I just saw your post. All of the great composers studied scores, so you will be in good company as you build on the work of your predecessors rather than having to rediscover everything for yourself. Form, harmony, thematic writing, thematic development, orchestration, and pacing can only begin to be fully appreciated with score study.

I try to write music as a hobby activity. I am constantly studying scores. I am 63, and because of health issues I can not work as much as I used to work. The good part of that is that I have had far more time for music in the past year. I have spent much of that time studying scores. As a result, I think I have learned more about music in the past year than I ever could have otherwise. I find it the most helpful if I study a score while listening to a recording. Then, when I hear a passage of special interest to me, I quickly mark the passage, and return to it after the piece is concluded for more inquiry.

There is an ocean of music to study. No one could possibly study all of it. So it has helped me to focus on the particular style of music that most interests me. And studying others does not mean you have to copy what others have done to learn from it. Prokofiev, before he wrote his "Classical Symphony" obviously studied High Classical era symphonies extensively and then he combined that knowledge with his knowledge of the orchestration and dramatics of the late romantic era to create a masterpiece. I don't claim to think I will ever write a masterpiece, but it is fun to try.

Probably the most direct way to quickly apply score study is orchestration, or even just getting to know what is practical for all of the various instruments. Eventually you will notice that there are a few textures in a full orchestra or chamber group that particularly interest you, and perhaps inspire you.

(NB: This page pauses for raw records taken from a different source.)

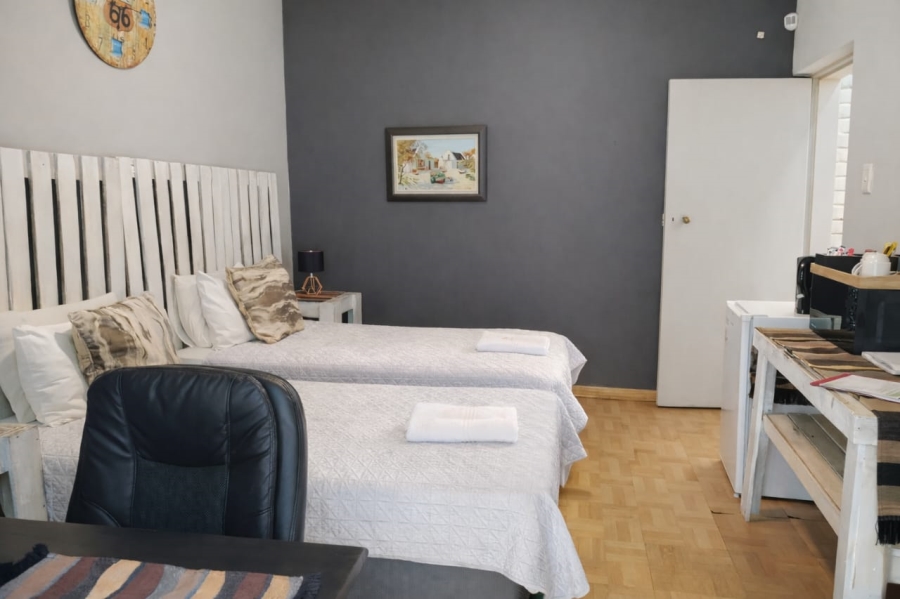 7 Bedroom Property for Sale in Deneysville Free State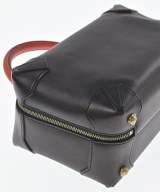 HERMES（エルメス）ハンドバッグ 茶 サイズ:29 レディース/2200634716027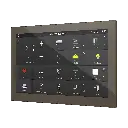 ZVIZ100M_Z100_DER_EMOK_captura_Z100_TD_masterbedroom_01.webp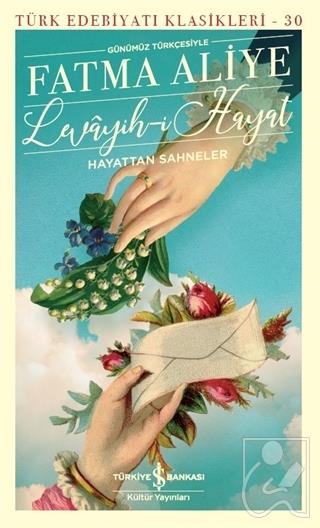 Kitap Ekspres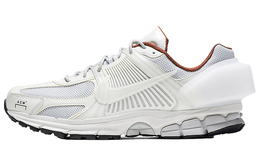 Кроссовки A-COLD-WALL* x Nike Zoom Vomero 5 at3152-100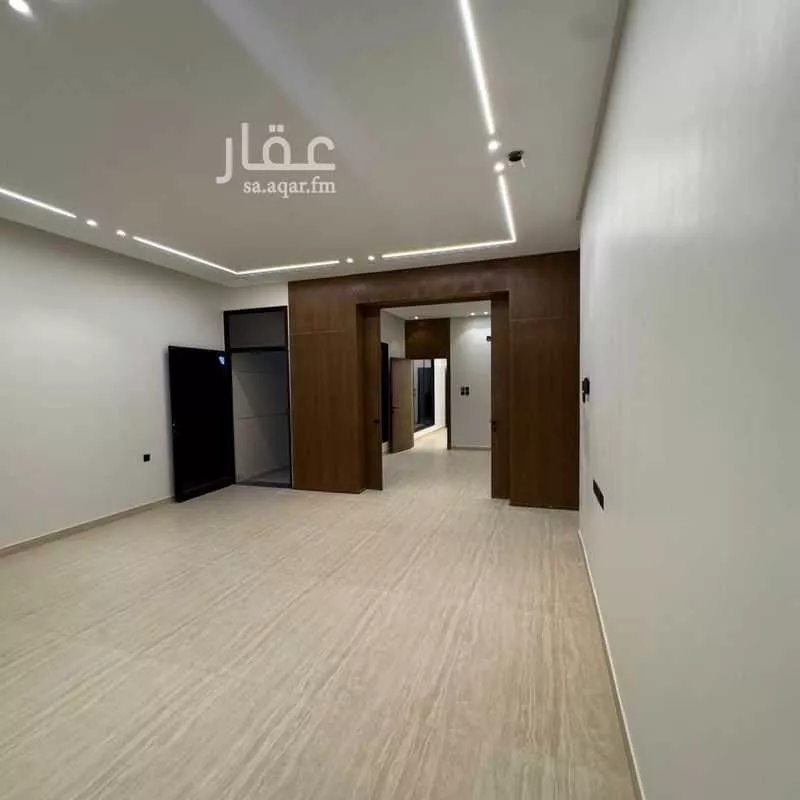 دور 5 غرف في ظهرة نمار 7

There is so much to be learned from score study that I am certain that every moment I can find to do so will be rewarded in some way.


----------



## EdwardBast

zaidkm said:


> i haven't really done much of that analyzing scores, this is beyond just reading the music and playing, i am talking about the surveying the rhythmic phrases used, how often the composer uses which types of rhymes, the rests, the harmony, how the composer arranges his or her instruments, certain melodic or rhythmic patterns that emerge,
> i mean i do all that, am just at this point where you learn something new but you aren't quite sure where to go from there, *how would you incorporate the things you learn about the style of a composer and such into your own composition?*


If you are a student composer, it might be useful to write exercises or little pieces in the style of particular composers you like, using the kind of harmonic relations they use, imitating their melodic style, and so on. This is an excellent way to learn new vocabulary. One can start small with this sort of thing. One of my theory teachers, for example, used to find complex piano parts, song accompaniments by Hugo Wolf and the like, remove a portion of four to eight measures, and ask us to write something that seamlessly filled the gap. You could do this with little pieces by Bartok, Prokofiev, Debussy, Schoenberg, Boulez - whomever interests you. As a student one should never be afraid to learn by direct imitation.


----------



## AnthonyCornicello

You can study a score for so many different facets: harmony, writing for particular instruments, texture, effects. It's a great way to learn. Always try to listen to a recording (or video) as well.


----------



## tdc

Pugg said:


> Studying is the whole point of learning, as my music teacher told me once


The point of learning is to acquire a skill or to gain knowledge, studying is just a means to an end.


----------